Popular Pepper grows in clusters of unripe berries of black, white, green and pink peppercorns. An attention-grabber especially when blended in dark, earthy chocolate delights.
Quatre epices from French "four spices" is typically a finely ground blend of white pepper, cinnamon, ginger and nutmeg to soup up soups and stews.
Remarkable Rosemary has been jogging memories for centuries, while imparting a nutty zing to chicken, lamb, and stews, along with accenting holiday doors.
From the farms of Iran or the plains of Spain come handpicked crimson Saffron stigmas — the caviar of the spice world carrying an exorbitant pricetag — worth every penny.

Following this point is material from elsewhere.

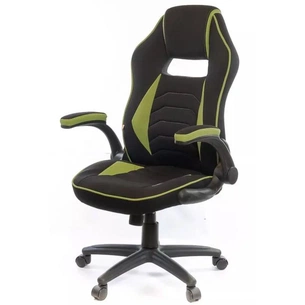 Крісло ігрове Аклас Орсон PL TILT Салатовое (12238) зображення 1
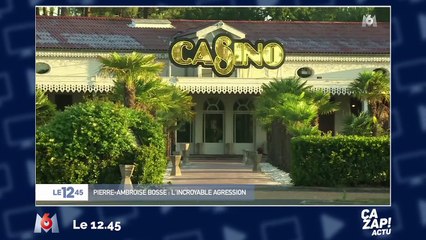 Quand Emmanuel Macron essaie de dresser son chien Nemo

They pigment each dish with a glorious golden hue while infusing with exotic musky flavors of honey and the sea.
The jewel of Indian spices, tantalizing Turmeric root can be grated fresh or sprinkled as a powder to add vibrant eye candy and an antioxidant boost to savories and sweets.
Umami, the palate-pleasing fifth element of taste, along with sweet, sour, salty and bitter, translates roughly from Japanese to mean "savory."

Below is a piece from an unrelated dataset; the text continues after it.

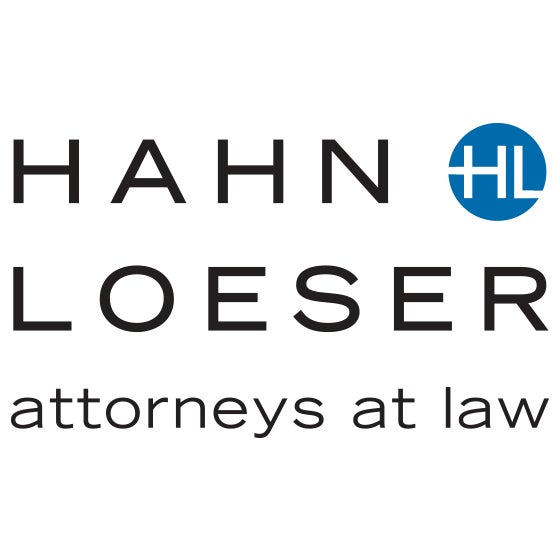 Hahn Loeser Logo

Teeny-weeny, intoxicating Vanilla Beans scraped from the skinny dried pod enchantingly transform practically every food on Earth into heavenly creations.
Wild Coriander like cilantro on steroids, adds an earthiness to Asian and Latin American dishes.
Xylitol, naturally occurring in fibrous fruits and vegetables is a super sweet sugar substitute that paradoxically repels cavities.
When unpalatable Yarrow leaves are brewed as a tea or compounded into a salve they become a healing hero.
The sweetheart of Middle Eastern dishes, zesty Za'atar becomes a culinary rock star when blended with citrusy sumac, toasted sesame seeds, pink salt and olive oil as a divine dipping sauce.
Recipe: Sweet, Sour, Silky Cucumber Dill Salad
• Ingredients: 1 English cucumber, sliced in chunks; 1/2 cup plain Greek yogurt or goat kefir; 1 teaspoon honey; 1 teaspoon apple cider vinegar; juice from half a lemon; 3 tablespoons fresh chopped dill; salt and pepper to taste
• Method: Strain cucumber slices. Add salt. In a mixing bowl, combine remaining ingredients. Blend cucumbers and chill.